There's a girl here with sideburns. I gave her your number, you can thank me later.
Man now I have poo on my blackberry!!!
brownberry?
Just puked in the monkey exhibit at the zoo. They ate it. I don't want a pet monkey anymore.
i'm sitting pantsless eating potato chips and watching porn before he picks me up for our date. I hope he's ready for this...
Apparently you need a permit for a flamethrower.
When I blacked in, I was crying to my father at the swim-up bar that "I was going to win an Oscar." how do you THINK Mexico was?
CHEMICAL ENGINEER. God my mom would be so proud of me.
I feel like the only phrases I can clearly speak while drunk consist of: i'm fucking drunk, chug, and shots
I don't care. I'll text you about my butthole whenever I please. That's what you signed up for in this relationship.
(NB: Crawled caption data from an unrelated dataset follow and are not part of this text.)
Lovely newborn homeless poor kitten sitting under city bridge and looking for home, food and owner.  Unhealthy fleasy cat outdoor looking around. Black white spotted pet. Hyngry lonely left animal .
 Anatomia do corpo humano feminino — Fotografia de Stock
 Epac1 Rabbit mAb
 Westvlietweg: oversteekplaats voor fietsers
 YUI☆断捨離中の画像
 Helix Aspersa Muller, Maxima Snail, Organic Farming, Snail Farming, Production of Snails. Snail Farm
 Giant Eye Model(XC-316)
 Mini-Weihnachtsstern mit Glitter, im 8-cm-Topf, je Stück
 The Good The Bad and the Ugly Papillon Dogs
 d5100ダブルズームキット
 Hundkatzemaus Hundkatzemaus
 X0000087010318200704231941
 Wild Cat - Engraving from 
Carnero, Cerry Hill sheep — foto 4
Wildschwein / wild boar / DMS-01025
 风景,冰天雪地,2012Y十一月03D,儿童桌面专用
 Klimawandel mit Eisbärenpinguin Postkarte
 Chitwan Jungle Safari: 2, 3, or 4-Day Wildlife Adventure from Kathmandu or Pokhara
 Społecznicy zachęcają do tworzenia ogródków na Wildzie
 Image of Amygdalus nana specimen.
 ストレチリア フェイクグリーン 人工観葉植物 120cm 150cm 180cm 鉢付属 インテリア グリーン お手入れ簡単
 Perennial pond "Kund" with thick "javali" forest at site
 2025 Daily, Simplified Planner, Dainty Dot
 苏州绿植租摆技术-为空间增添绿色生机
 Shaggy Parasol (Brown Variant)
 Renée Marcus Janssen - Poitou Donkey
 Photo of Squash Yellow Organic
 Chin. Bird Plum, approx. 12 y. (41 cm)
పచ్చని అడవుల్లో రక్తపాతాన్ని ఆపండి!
All I could think of during that funeral was how great I look in a suit, how creepy catholics are, and how horny I am.
At the start of the night I was all 'come at me universe' and three hours later I was ordering an extra large pizza in bed in the dress I had gone out in. Well played universe.
I need to keep a secret stash of instant alcoholic margaritas for when i deal with people. For example, right now, im grading, and I just don't fucking care any more. My students should make a thank you card for Jose Cuervo.
Two chicks walked outta his room and all he did was beat his chest like LeBron and yell, "And 1!"
You're incredible, and I'm drunk
He just kept going down on me. And he was all like, do you mind? No motha fucka, who would? All of his ex's, apparently. Whatever, he's a gem and I'm keeping him.